The situation for TV delivery and music delivery is so different though that it's hard to compare the two markets.


----------



## bicker (Nov 9, 2003)

tivarino said:


> Why is that, exactly?


Ask Jonas Ridderstrale, and Kjelle A. Nordstrom.

And then ask yourself by TiVo wasn't able to do the same thing. (Hint: Look at the bank account of the company behind each product, at the time the product was first introduced.)



Bierboy said:


>


Don't get so excited. I'll believe it when I see it.


----------



## SkeeterTV (Oct 27, 2005)

Imagine how much better the world would be if all this energy that's being spent on a disagreement over ads was focused on something more useful... like feeding starving children, protecting battered women, helping homeless animals... etc. etc. etc...

Lets face it, you cant go anywhere or do anything without seeing or having to deal with ads. Do I like paying $10 to see a movie then have to sit through ads for Coke, Fandango, etc.? Not really no, but I have the option to come in late, aka, 'fast forward' if you will, past those ads. You pay $5 for a magazine and guess what, over 25% of the content is... wait for it... ads! And you're paying to see them!

Look around your world and ask yourself if this is really that important. If it is, then cancel your Tivo subscription and cancel your tivocommunity.com membership, then move on. It's easy, I do it all the time with things that I don't agree with. There are always other options.

Peace


----------



## donnoh (Mar 7, 2008)

My guess is that the people whining about Tivo's attempt to introduce ads are the same ones that grew up in an entitled world.

They didn't get up on a Saturday morning and run downstairs to the family TV to watch cartoons because that was the only day they were on.

I'm pretty much tired of the "me" generation that are only concerned with stupid crap, like hitting the pause button and having an ad appear.

Is that the only thing they have to worry about? They don't know what they are missing in life.


----------



## RoyK (Oct 22, 2004)

donnoh said:


> My guess is that the people whining about Tivo's attempt to introduce ads are the same ones that grew up in an entitled world.
> 
> They didn't get up on a Saturday morning and run downstairs to the family TV to watch cartoons because that was the only day they were on.
> 
> ...


You guess wrong - at least in my case.

When I grew up the TV station didn't come on until noon on Saturday (there was only one). Which didn't matter because most of us didn't have a TV. If we watched it we went to my aunt's house - a popular place on Tuesday night when Uncle Milty was on.

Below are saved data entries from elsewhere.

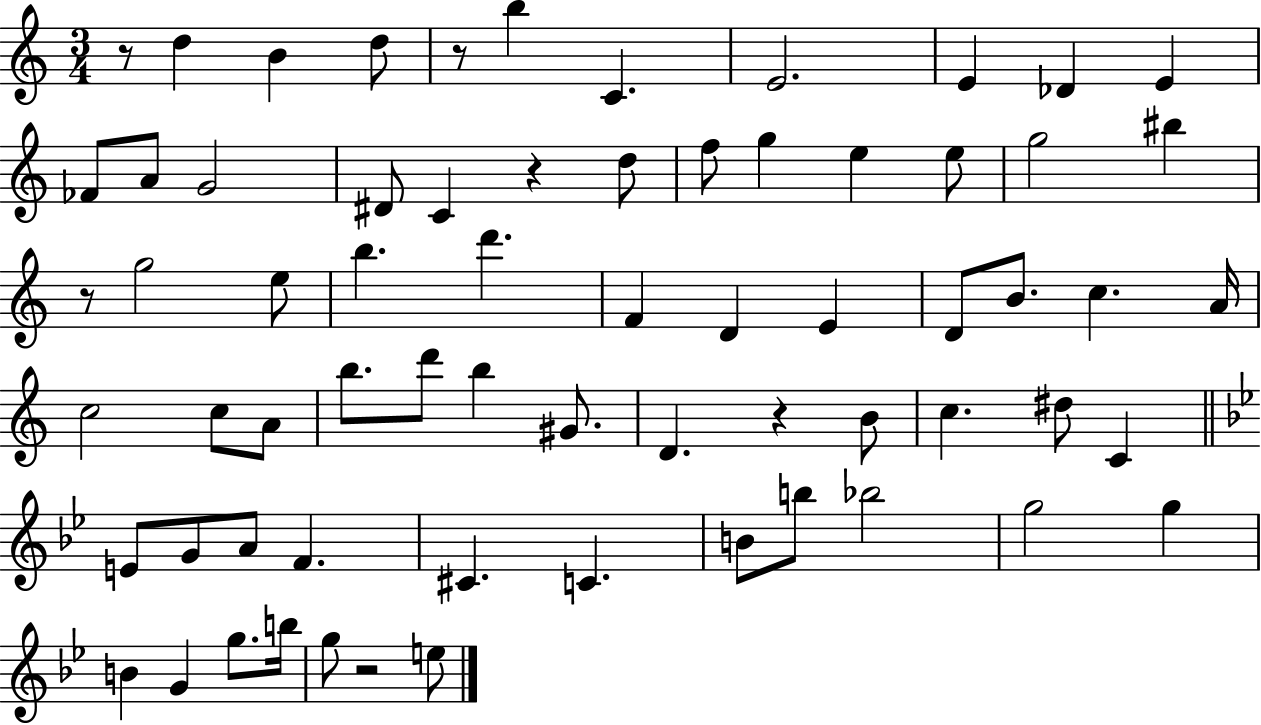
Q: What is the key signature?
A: C major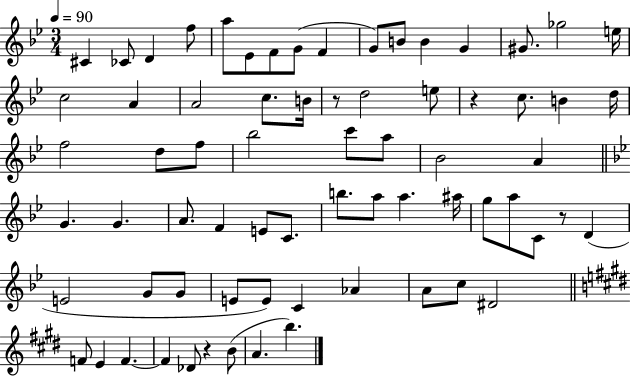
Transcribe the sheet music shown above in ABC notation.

X:1
T:Untitled
M:3/4
L:1/4
K:Bb
^C _C/2 D f/2 a/2 _E/2 F/2 G/2 F G/2 B/2 B G ^G/2 _g2 e/4 c2 A A2 c/2 B/4 z/2 d2 e/2 z c/2 B d/4 f2 d/2 f/2 _b2 c'/2 a/2 _B2 A G G A/2 F E/2 C/2 b/2 a/2 a ^a/4 g/2 a/2 C/2 z/2 D E2 G/2 G/2 E/2 E/2 C _A A/2 c/2 ^D2 F/2 E F F _D/2 z B/2 A b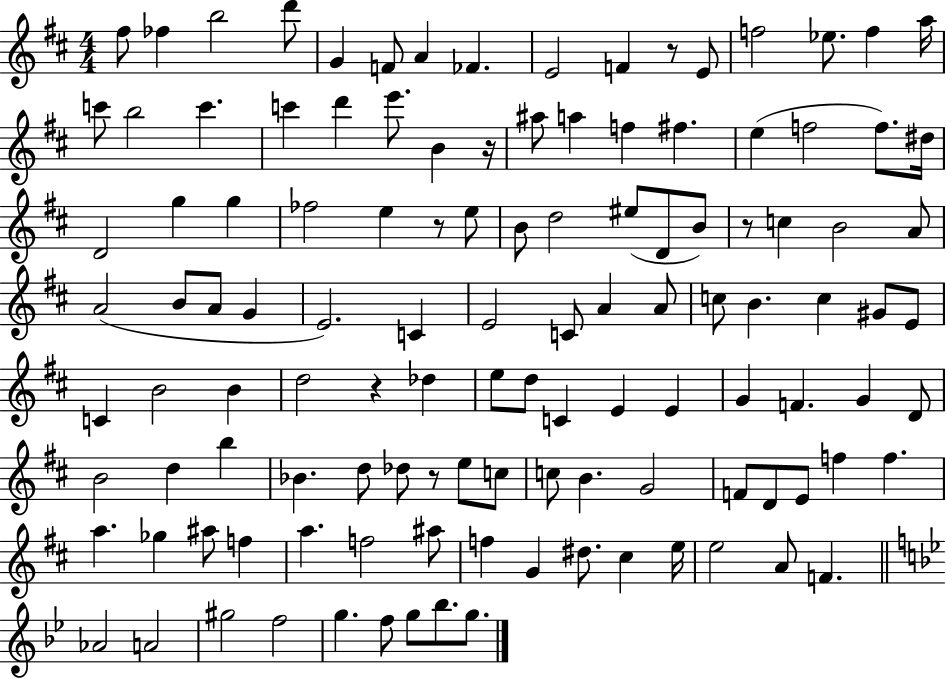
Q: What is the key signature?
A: D major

When I grew up there were no more than four minutes of commercials in a half hour tv show. Most had less.

Entitled? Not on your life. I wore mostly clothes made by Grandma and they were handed down to my brother when I outgrew them.

So come up with another theory, mister. You got that one all wrong.

Or accept the fact that some of us genuinely feel that the ubiquitous ads on the TiVo UI -- for want of a more accurate term -- suck.

And, oh, we all understand that the use of the term 'whining' by posters without a decent vocabulary is intended to be a put-down. I don't whine, sir, I shout.


----------



## ZildjianKX (Jun 11, 2004)

The pause ads drive me crazy. They are bad enough that my wife noticed them and asked why they were there.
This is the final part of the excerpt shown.